Work to complete. Beneath this instruction is a listing; print exactly the lines in it starting at the line that contains "Unrecognizable woman walking" and going through the line that contains "A corner with".

=== Section Start ===

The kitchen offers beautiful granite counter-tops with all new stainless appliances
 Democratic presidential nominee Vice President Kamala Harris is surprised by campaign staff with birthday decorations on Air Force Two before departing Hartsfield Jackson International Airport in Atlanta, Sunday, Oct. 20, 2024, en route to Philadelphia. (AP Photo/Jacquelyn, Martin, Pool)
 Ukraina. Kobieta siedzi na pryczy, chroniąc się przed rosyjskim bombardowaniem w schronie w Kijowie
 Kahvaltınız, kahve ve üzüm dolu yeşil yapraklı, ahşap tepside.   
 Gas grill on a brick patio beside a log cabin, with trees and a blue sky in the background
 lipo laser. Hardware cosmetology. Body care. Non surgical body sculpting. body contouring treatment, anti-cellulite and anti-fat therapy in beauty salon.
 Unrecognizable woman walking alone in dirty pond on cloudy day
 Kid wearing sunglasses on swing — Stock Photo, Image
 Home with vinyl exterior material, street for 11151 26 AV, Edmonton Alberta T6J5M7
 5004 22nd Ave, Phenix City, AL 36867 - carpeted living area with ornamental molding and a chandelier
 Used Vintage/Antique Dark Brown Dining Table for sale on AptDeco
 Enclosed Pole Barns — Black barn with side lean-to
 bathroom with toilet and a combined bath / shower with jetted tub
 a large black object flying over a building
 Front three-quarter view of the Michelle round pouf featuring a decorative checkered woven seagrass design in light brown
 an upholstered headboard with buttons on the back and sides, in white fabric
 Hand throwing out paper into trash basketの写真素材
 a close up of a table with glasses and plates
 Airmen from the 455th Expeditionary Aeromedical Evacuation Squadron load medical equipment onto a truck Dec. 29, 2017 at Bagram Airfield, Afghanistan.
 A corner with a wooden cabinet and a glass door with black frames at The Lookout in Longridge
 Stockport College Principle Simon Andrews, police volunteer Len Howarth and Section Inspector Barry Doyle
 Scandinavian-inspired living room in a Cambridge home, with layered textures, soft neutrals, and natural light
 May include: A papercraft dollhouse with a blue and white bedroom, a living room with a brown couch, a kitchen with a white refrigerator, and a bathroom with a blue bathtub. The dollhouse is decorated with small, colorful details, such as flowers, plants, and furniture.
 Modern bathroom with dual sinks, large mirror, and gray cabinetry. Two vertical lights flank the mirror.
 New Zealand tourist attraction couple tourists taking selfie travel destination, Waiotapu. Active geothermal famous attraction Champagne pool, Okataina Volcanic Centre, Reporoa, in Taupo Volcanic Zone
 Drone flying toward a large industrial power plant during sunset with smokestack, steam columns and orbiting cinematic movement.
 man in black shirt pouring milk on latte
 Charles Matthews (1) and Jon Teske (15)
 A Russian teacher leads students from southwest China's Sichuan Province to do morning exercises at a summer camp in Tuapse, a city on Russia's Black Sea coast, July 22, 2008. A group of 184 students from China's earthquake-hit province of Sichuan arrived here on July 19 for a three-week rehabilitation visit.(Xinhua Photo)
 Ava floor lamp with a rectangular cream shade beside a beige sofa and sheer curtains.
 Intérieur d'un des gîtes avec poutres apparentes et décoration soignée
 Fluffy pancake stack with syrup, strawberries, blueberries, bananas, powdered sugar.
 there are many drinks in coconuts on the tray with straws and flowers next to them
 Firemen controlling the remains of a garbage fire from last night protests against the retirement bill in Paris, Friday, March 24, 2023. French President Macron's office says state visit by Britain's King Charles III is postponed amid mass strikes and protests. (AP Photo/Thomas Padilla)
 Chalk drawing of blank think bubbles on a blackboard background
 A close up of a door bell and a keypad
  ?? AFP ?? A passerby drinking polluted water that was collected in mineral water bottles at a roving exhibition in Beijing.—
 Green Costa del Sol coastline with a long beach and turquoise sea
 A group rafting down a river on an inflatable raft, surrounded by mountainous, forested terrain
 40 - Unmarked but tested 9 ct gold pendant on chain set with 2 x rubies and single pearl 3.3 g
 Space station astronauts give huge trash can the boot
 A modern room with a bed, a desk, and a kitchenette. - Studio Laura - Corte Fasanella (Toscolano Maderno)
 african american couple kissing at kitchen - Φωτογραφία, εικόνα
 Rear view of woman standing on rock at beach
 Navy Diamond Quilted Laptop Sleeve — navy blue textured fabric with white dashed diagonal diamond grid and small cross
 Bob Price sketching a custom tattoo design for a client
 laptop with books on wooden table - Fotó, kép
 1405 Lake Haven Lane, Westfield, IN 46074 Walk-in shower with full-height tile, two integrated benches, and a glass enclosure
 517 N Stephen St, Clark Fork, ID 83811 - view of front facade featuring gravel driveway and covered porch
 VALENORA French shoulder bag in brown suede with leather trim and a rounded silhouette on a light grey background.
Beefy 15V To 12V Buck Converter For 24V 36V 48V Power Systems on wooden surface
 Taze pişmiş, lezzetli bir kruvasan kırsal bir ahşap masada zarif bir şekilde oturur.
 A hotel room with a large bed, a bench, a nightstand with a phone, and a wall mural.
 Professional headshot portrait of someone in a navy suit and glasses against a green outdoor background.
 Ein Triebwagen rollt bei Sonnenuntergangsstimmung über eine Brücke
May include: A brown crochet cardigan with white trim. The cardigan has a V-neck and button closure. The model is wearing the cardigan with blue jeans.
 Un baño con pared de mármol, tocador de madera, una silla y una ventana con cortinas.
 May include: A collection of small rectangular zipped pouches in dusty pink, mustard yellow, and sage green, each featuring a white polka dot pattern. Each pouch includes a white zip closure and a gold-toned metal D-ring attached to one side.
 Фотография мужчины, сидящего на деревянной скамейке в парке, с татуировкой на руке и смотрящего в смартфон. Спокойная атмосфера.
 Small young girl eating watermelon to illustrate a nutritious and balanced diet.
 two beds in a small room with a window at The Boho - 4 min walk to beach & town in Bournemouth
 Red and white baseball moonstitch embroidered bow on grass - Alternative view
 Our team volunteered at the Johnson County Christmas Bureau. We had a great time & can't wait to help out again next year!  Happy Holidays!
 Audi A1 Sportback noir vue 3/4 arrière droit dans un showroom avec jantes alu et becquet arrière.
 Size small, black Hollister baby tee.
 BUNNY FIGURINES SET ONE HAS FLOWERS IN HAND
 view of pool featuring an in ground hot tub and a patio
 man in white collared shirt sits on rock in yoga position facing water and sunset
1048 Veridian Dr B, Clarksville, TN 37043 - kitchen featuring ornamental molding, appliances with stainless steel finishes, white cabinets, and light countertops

=== Section End ===

Result of this exercise.
 Unrecognizable woman walking alone in dirty pond on cloudy day
 Kid wearing sunglasses on swing — Stock Photo, Image
 Home with vinyl exterior material, street for 11151 26 AV, Edmonton Alberta T6J5M7
 5004 22nd Ave, Phenix City, AL 36867 - carpeted living area with ornamental molding and a chandelier
 Used Vintage/Antique Dark Brown Dining Table for sale on AptDeco
 Enclosed Pole Barns — Black barn with side lean-to
 bathroom with toilet and a combined bath / shower with jetted tub
 a large black object flying over a building
 Front three-quarter view of the Michelle round pouf featuring a decorative checkered woven seagrass design in light brown
 an upholstered headboard with buttons on the back and sides, in white fabric
 Hand throwing out paper into trash basketの写真素材
 a close up of a table with glasses and plates
 Airmen from the 455th Expeditionary Aeromedical Evacuation Squadron load medical equipment onto a truck Dec. 29, 2017 at Bagram Airfield, Afghanistan.
 A corner with a wooden cabinet and a glass door with black frames at The Lookout in Longridge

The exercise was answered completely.